We were invited in by a fine family. "Do you know us?" asked the darling girl. "No", I said "but I know this house, it was once my Grandmother's." To describe my Grandmother is like a foreigner searching for a word that has no equivalent English translation. She was the splash in the lake from which all ripples emanated. If you were included in her reach, you'd never be lost, even if you were the seventh of ten grandchildren. When she died, I never had that feeling again. So was she. Like that.
The gracious home-owners made apologies for the state of construction; saw-horses, tarps, tool boxes. Still, they counted our surprise visit as a great convenience. Explaining "We are trying to un-update the changes made by the previous owner." Adding, "If you can tell us what you remember from the original design that would clear-up some of our questions." Together we wandered through rooms, putting the pieces back together. Over here I pointed, were grand sliding oak doors, the site of endless entertainment; opening, closing and when still, framing our puppet shows. Here was once the kitchen and a door to a mysterious staircase that went nowhere; there were four steps, and then a wall. What remained of the staircase was used as a pantry. By the time I had lost my nickname, hiding on the other side of the door to surprise my grandmother had become passé, later when one of us would jump out to scare her she would merely say "Can you hand me the beets."
Upstairs was the long hallway, we raced to be first or at least not last, to the attic and the ten army cots waiting to be claimed as beds. Late comers got the eerie spot, near the coat rack.
I then tried to describe as best I could, "There were steps to the attic; painted yellow, with pretty sketches: boats, birds, windmills, I think. And I remember stenciled letters, perhaps words too." We turned the final corner. I gave a start, looked back at my sister to see if she saw it too. Untouched, except for a smattering of scuff marks, perhaps even made by me, were yellow stairs, pretty sketches and letters that formed words. The words meant something.
There is gravity when the binoculars in your brain dial into focus. Those synapses that for years have been glancing by each other finally meet head-on, one saying "I've heard so much about you." The other, "I'm glad we've finally met." That melding of thoughts and feelings brings a certain security. That's the gravity, it grounds you.
Ping. Shakespeare has meaning.
Ping. Coffee is good. Opera is grand.
Ping. The futility of coupons and debating politics among friends.
Ping. You don't raise children, they raise you.
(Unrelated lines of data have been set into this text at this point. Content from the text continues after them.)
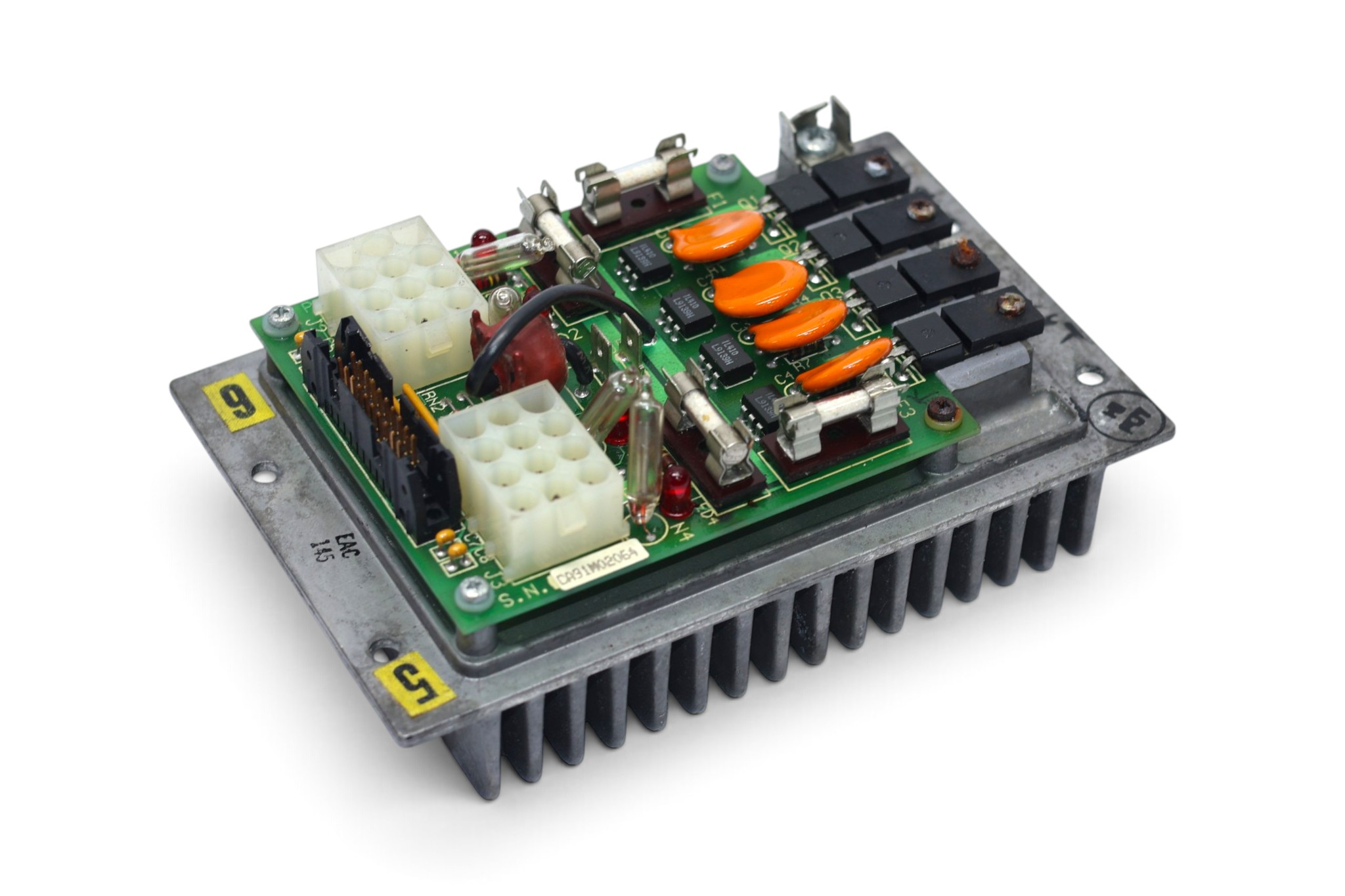 NORDSON 288010B CONTROL MODULE - Image 4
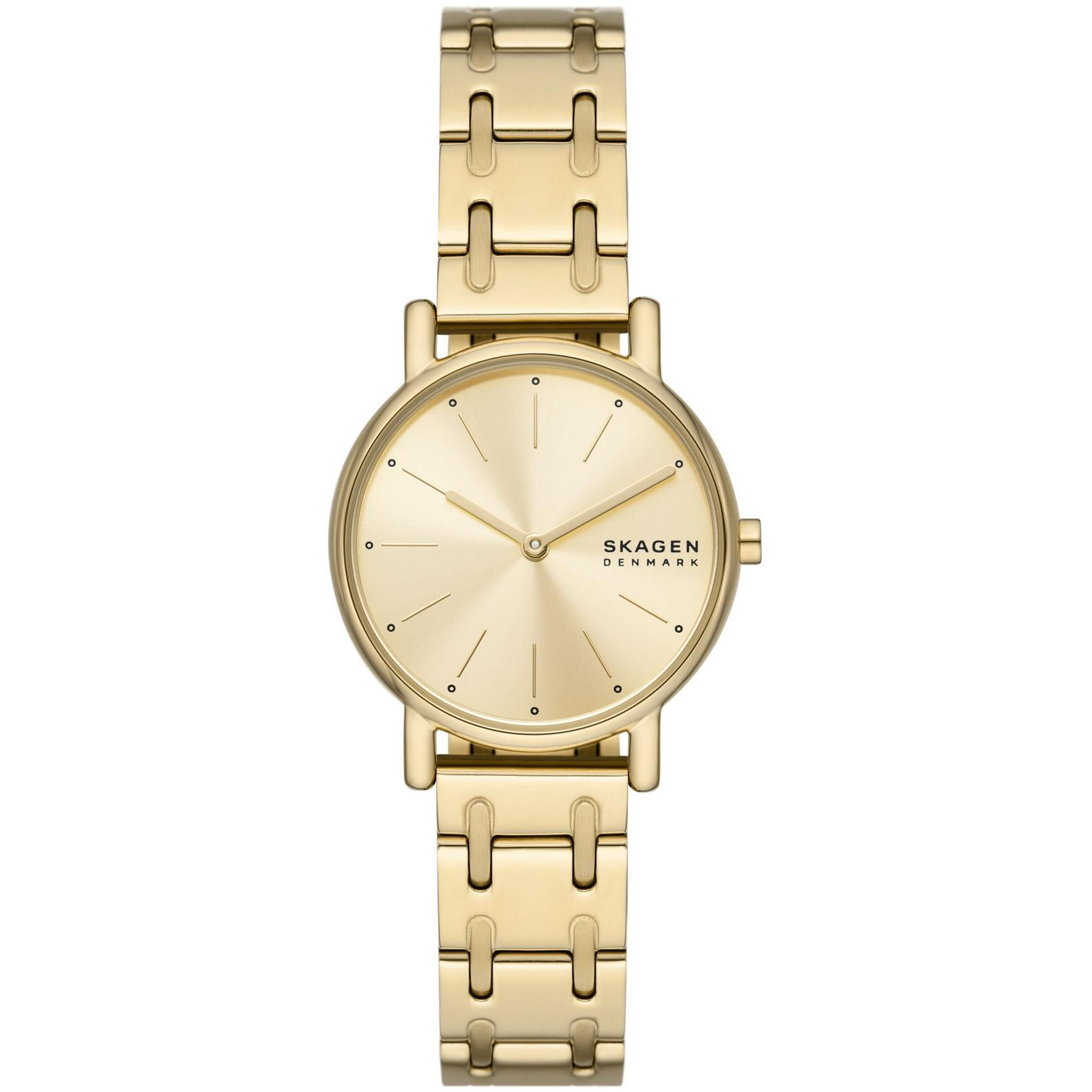 Skagen Signatur Lille női kerek karóra SKW3124 (SKW3124)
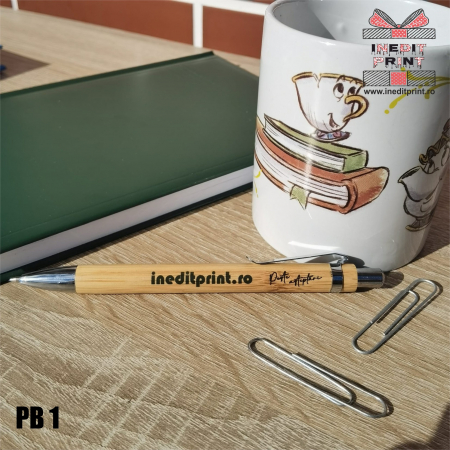 Pix bambus personalizat PB1 [6]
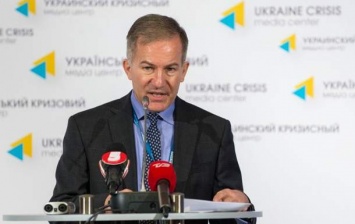 Майкл Боцюркив из ОБСЕ призвал Киев "отпустить Донбасс"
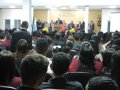 Pr. José Orisvaldo Nunes ministra sobre Marxismo Cultural na IV Semana Jovem, em Messias
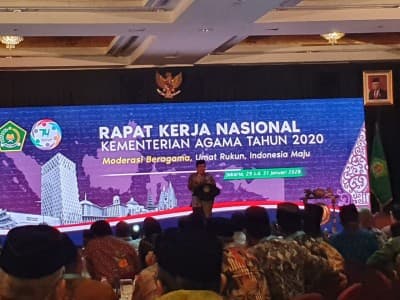 Inilah Lima Program Prioritas Kementerian Agama Tahun 2019-2020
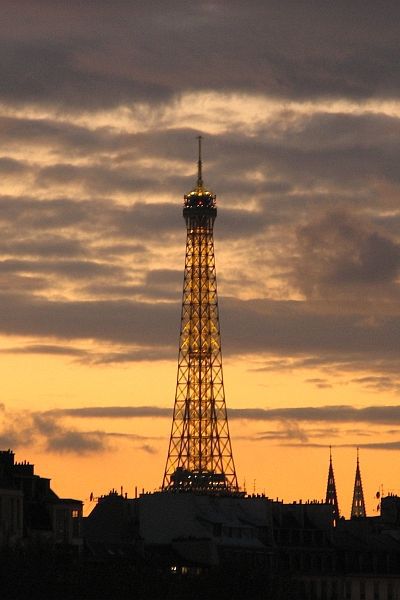 Tour Eiffel (non ?)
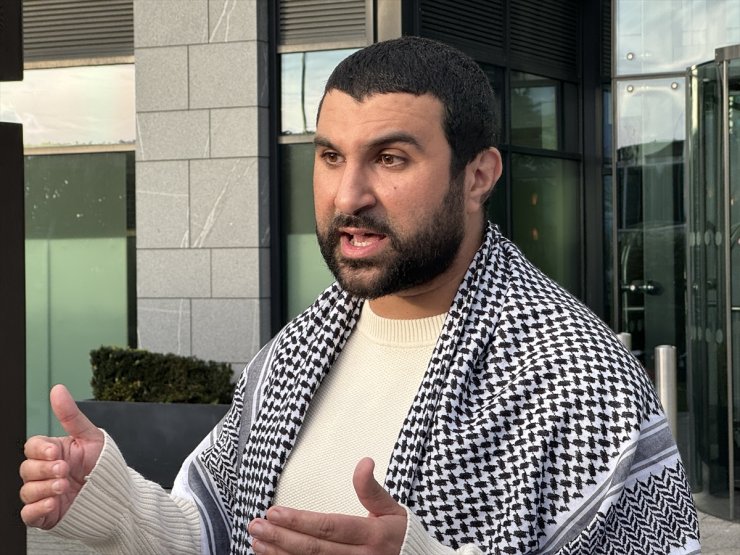 UK journalist calls US detention an ‘attack on freedom of speech' after returning home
I imagined my grandmother scrunched on those tiny steps, fighting the pinch of her girdle, which she was never without, and meticulously stenciling, letter-by-letter, word-by-word, her intent. Then she would have stood as I did now, to review her work and from the top down read.
When
You Get
Tired
Of Life
Below
Climb up
And
Forget
Your
Woe
What did we children, who clamored up and down those attic steps hundreds of times, never stopping to read, know of woe? But certainly our elders did: two World Wars, a son returned home with damaged sight and an amnesia for mirth; the neighbor boy who no longer jumped the hedge to walk my aunt to school, dead in Normandy, a daughter in-law at the liberation of Buchenwald threw away her camera hoping to never see those images again. But she could not dispose of the film that played a loop in her head.
Woe sometimes comes bearing your name. But you must climb-up and let it go or life and death is for naught. Vow never to lay the table for woe. Bring comfort and sanctuary. The trust to be funded for our children is not in a bank but in our actions.
I ventured to the top of the attic steps, to view what remained of our childhood compound. The army cots were gone, but there was a very familiar light. Two distinct columns of sun, shaped by the untouched oval windows illuminated as the artist intended. For the first time I realized those steadfast unblinking eyes on the exterior were not looking out, but shining in. Ping.
We said our good-byes: got in the car, switched on the GPS and continued on to a museum dedicated to SPAM. A thing to do on a childless September day in Minnesota.